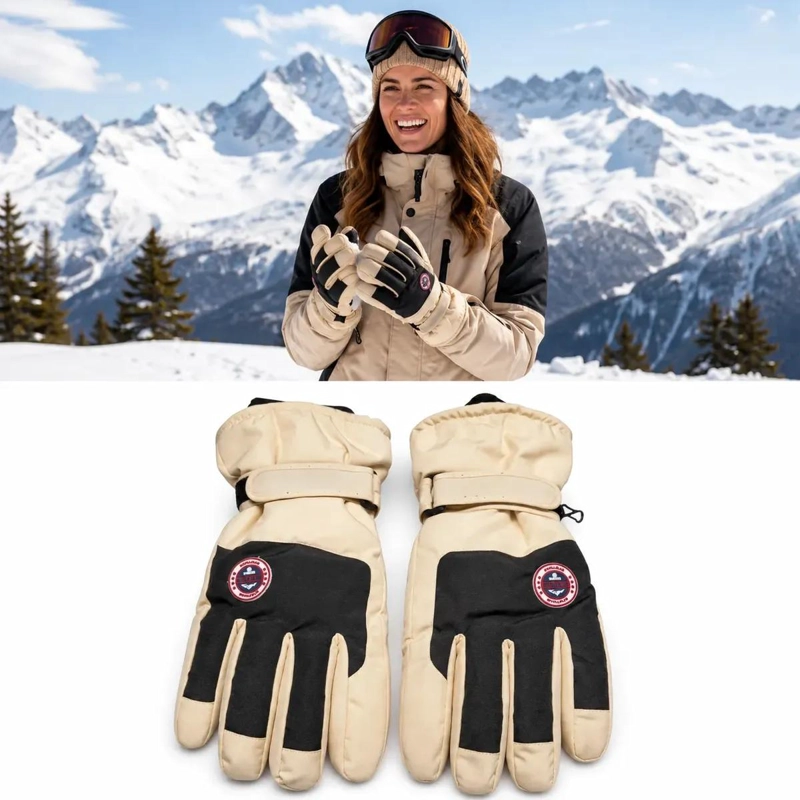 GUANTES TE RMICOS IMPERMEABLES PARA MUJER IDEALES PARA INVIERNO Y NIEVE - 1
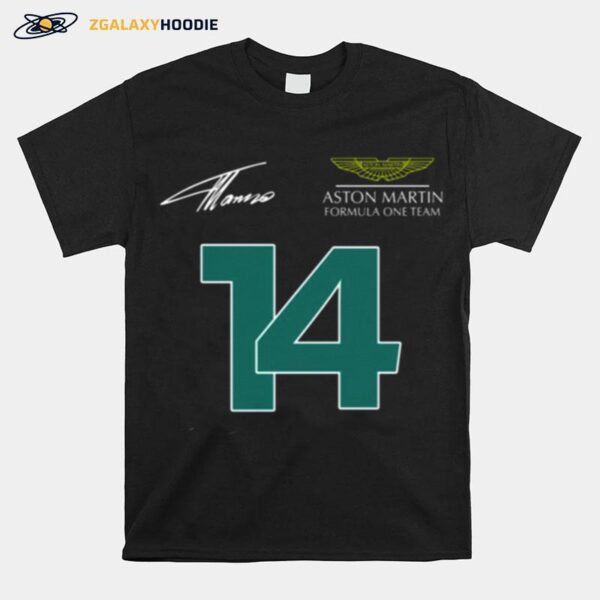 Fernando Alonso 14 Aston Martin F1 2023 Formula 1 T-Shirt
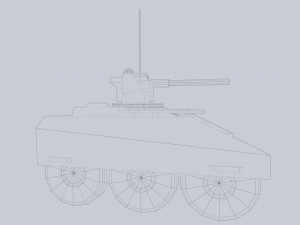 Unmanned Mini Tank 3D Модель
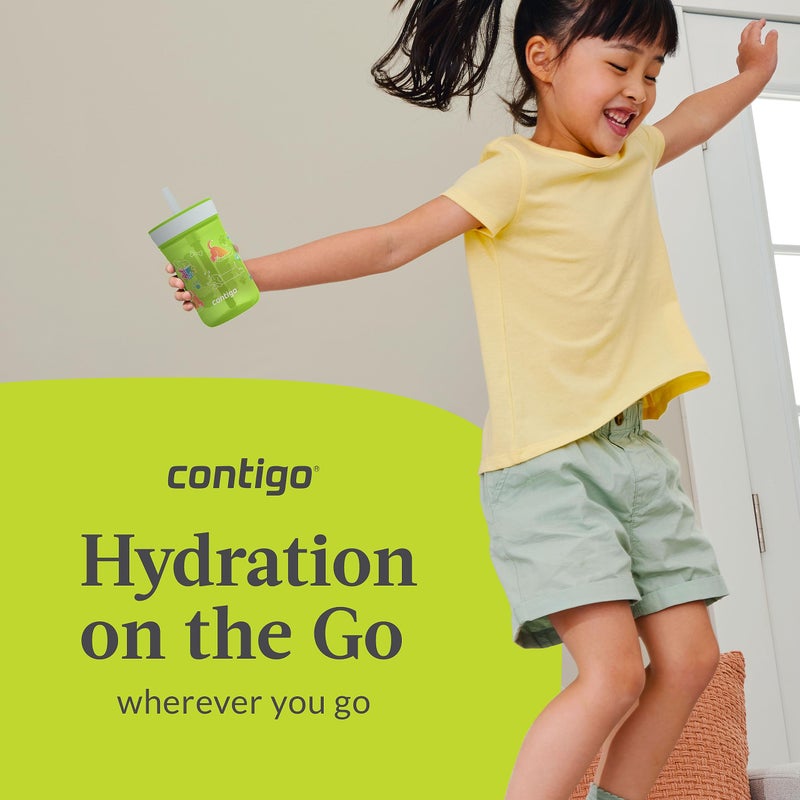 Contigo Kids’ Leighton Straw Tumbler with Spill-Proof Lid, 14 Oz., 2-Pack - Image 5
----
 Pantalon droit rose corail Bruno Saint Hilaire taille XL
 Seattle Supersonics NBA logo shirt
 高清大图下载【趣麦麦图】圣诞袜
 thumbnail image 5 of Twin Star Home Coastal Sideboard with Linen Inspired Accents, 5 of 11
----
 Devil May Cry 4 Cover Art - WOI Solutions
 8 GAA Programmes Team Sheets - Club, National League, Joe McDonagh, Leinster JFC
----
Activity
In the listing above, find the line with "GUANTES TE RMICOS" and the line with "Contigo Kids’ Leighton". Set down exactly those lines and everything between them, skipping pictures.

Response
 GUANTES TE RMICOS IMPERMEABLES PARA MUJER IDEALES PARA INVIERNO Y NIEVE - 1
 Fernando Alonso 14 Aston Martin F1 2023 Formula 1 T-Shirt
 Unmanned Mini Tank 3D Модель
 Contigo Kids’ Leighton Straw Tumbler with Spill-Proof Lid, 14 Oz., 2-Pack - Image 5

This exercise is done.